Apologies for not getting the survey out in time for this week. We will use the information for next week and the following Thursday and Friday. (Monday 15th – Wednesday 17th there will be no school or home learning – February weekend and the Wednesday is an in service day where all staff will be working from home. There will be no new grid for 18th and 19th February) Click here for the survey.
A message from the Highland Council that we have to put out to you all:
For the attention of parents and carers in Highland
On 2 February, an announcement was made in the Scottish Parliament by the First Minister, Nicola Sturgeon, about remote learning and the future return to face-to-face learning in schools. This message includes the key information that children, young people and their families need to know.
The key points are as follows:
- The remote learning offer, alongside support in-school for vulnerable and key worker children and young people, will continue until Friday 19 February.
- From week beginning 22 February, there will be a partial return to schools as follows:
- Full time attendance for Early learning and childcare children, and for children in P1-3.
- Part-time attendance for young people in the Senior Phase who need to attend in order to complete practical work that is necessary for the completion of national qualification courses.
- Further clarification about future plans for the re-opening of schools will be shared by the Scottish Government on 16 February.
- There will be a roll-out of testing for some workers in educational settings and pupils in the Senior phase, which will help to ensure that the partial return to school is as safe as possible.

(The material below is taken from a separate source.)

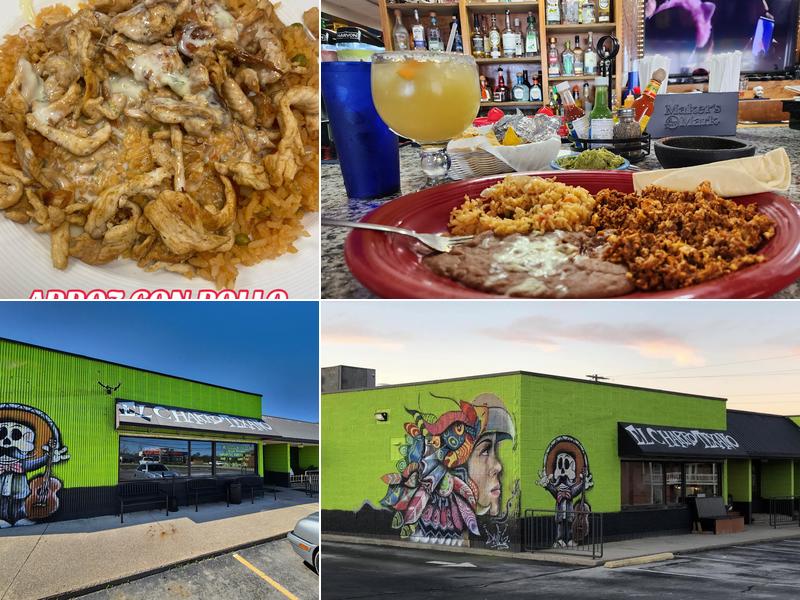 El CHARRO TEXANO TACOS AND TAPS 136 N Keeneland Dr, Richmond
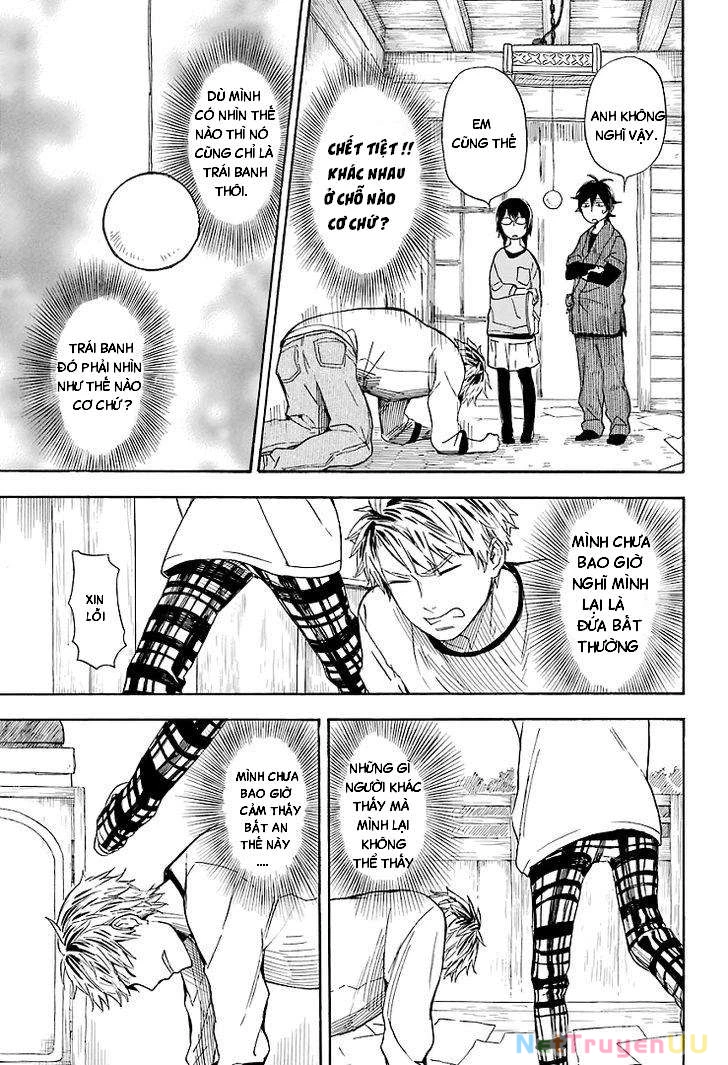 Barakamon Chapter 56 - Trang 3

This is in line with national guidance.
It is important to remember that all of our Highland schools will be closed for the long weekend (Monday 15 and Tuesday 16 February are holidays, and Wednesday 17 February is the In-Service Day). During those days our school buildings will be closed and there will be no provision for vulnerable children and the children of key workers.
We are currently working through these guidelines and are planning for the week beginning 22 February. We will continue to keep parents, carers and families informed.
Further updates about free school meals will be issued next week.
Meanwhile, the current remote learning situation continues, with the continued emphasis on following guidance from the Scottish Government to protect the NHS and save lives. Thank you for your patience and support.
Just before we relax and look at the photos this week (by the way, how impressive: a family can not only get the children engaged in learning but Barney the dog is on the google meet!) I just want to continue to encourage you and your family in all that you are doing. I’m a bit fed up with the media talking about ‘the lost years’ in learning and how much the children are going to be behind. Yes there will be parts that your child will have forgotten and will need to be picked up again at school. Their social skills will need a bit more practice. Their confidence in going outside might need a bit of encouragement but it’s also really important to acknowledge the hard work you are all putting in with and for your children. Every time you expect them to help around the house and garden are learning opportunities. Every time you sit together and chat or walk together are clear bonding times for you as a family. Enjoy these bonus weeks when you can hold your children dear – this is anything but the lost years – it’s an opportunity for family time and acknowledging just how much this is to be valued. When many of you are beginning to struggle as the time is going on, just ‘reboot’ and relax. Turn chores into games (who can match the socks from the basket the quickest? Can we unload the dishwasher and dance to our favourite song together at the same time? Take photos of before and after cleaning the garage and turn them into a chatterpix, etc) and plan for things in your day together.
As you hit that Friday Feeling (woohoo! This is how teachers feel every Friday!) focus on the difference you are making to your child’s life in the long run rather than panicking about what they are missing at school. Leave that to us when we are back together safely.